__What this task involves__: Of all the entries below, only the lines from the one with "Agate (Black) Bracelet" up to and including the one with "Table de repassage-PONY TABLE CLASSICC130" are to be duplicated exactly.

__Material for the task__:
/---

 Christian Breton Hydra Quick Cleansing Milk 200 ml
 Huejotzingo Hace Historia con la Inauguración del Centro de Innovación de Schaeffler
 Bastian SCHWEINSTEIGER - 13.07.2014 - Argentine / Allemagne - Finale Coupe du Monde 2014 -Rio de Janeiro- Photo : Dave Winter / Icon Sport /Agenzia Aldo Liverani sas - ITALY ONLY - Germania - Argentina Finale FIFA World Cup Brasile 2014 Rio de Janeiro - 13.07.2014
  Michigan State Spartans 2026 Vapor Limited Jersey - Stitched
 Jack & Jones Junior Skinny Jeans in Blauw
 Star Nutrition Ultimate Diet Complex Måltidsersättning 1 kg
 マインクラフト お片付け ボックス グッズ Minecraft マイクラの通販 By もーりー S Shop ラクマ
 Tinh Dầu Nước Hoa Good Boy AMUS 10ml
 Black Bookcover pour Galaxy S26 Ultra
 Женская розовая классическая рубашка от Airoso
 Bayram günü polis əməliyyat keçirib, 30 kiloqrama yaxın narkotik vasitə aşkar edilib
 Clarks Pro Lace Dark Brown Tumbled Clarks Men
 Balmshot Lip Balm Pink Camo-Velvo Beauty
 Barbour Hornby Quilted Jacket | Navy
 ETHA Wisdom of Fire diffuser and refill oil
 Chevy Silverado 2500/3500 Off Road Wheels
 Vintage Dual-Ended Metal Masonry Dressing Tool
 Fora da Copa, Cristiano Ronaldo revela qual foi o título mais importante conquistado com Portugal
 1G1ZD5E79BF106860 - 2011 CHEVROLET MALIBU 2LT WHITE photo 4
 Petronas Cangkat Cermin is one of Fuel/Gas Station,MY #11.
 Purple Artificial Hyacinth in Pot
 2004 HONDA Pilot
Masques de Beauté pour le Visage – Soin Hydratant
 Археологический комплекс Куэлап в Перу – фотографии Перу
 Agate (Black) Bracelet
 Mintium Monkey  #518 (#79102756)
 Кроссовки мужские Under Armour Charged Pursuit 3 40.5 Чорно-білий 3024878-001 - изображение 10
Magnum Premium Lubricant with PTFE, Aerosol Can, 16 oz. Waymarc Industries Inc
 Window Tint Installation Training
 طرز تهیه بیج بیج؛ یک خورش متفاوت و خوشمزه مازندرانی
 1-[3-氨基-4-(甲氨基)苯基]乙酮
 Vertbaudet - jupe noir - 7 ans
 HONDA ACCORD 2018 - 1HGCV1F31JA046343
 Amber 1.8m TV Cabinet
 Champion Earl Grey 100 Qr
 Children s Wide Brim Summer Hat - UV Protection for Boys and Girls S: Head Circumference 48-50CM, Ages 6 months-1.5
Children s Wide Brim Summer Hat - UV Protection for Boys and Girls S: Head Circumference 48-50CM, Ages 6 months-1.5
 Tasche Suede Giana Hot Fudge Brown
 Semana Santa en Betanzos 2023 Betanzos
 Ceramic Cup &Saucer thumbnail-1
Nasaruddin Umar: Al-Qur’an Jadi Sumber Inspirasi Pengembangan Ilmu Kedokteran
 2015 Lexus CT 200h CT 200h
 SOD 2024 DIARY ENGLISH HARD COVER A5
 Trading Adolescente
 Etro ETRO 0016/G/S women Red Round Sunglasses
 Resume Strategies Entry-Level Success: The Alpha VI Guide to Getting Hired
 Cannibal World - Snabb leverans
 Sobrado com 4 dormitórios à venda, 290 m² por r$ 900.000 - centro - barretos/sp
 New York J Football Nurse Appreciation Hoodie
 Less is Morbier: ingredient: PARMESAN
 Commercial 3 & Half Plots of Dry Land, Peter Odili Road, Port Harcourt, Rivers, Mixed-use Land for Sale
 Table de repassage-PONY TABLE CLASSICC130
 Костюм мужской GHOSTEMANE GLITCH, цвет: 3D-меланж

\---

__Response for this exercise__:
 Agate (Black) Bracelet
 Mintium Monkey  #518 (#79102756)
 Кроссовки мужские Under Armour Charged Pursuit 3 40.5 Чорно-білий 3024878-001 - изображение 10
Magnum Premium Lubricant with PTFE, Aerosol Can, 16 oz. Waymarc Industries Inc
 Window Tint Installation Training
 طرز تهیه بیج بیج؛ یک خورش متفاوت و خوشمزه مازندرانی
 1-[3-氨基-4-(甲氨基)苯基]乙酮
 Vertbaudet - jupe noir - 7 ans
 HONDA ACCORD 2018 - 1HGCV1F31JA046343
 Amber 1.8m TV Cabinet
 Champion Earl Grey 100 Qr
 Children s Wide Brim Summer Hat - UV Protection for Boys and Girls S: Head Circumference 48-50CM, Ages 6 months-1.5
Children s Wide Brim Summer Hat - UV Protection for Boys and Girls S: Head Circumference 48-50CM, Ages 6 months-1.5
 Tasche Suede Giana Hot Fudge Brown
 Semana Santa en Betanzos 2023 Betanzos
 Ceramic Cup &Saucer thumbnail-1
Nasaruddin Umar: Al-Qur’an Jadi Sumber Inspirasi Pengembangan Ilmu Kedokteran
 2015 Lexus CT 200h CT 200h
 SOD 2024 DIARY ENGLISH HARD COVER A5
 Trading Adolescente
 Etro ETRO 0016/G/S women Red Round Sunglasses
 Resume Strategies Entry-Level Success: The Alpha VI Guide to Getting Hired
 Cannibal World - Snabb leverans
 Sobrado com 4 dormitórios à venda, 290 m² por r$ 900.000 - centro - barretos/sp
 New York J Football Nurse Appreciation Hoodie
 Less is Morbier: ingredient: PARMESAN
 Commercial 3 & Half Plots of Dry Land, Peter Odili Road, Port Harcourt, Rivers, Mixed-use Land for Sale
 Table de repassage-PONY TABLE CLASSICC130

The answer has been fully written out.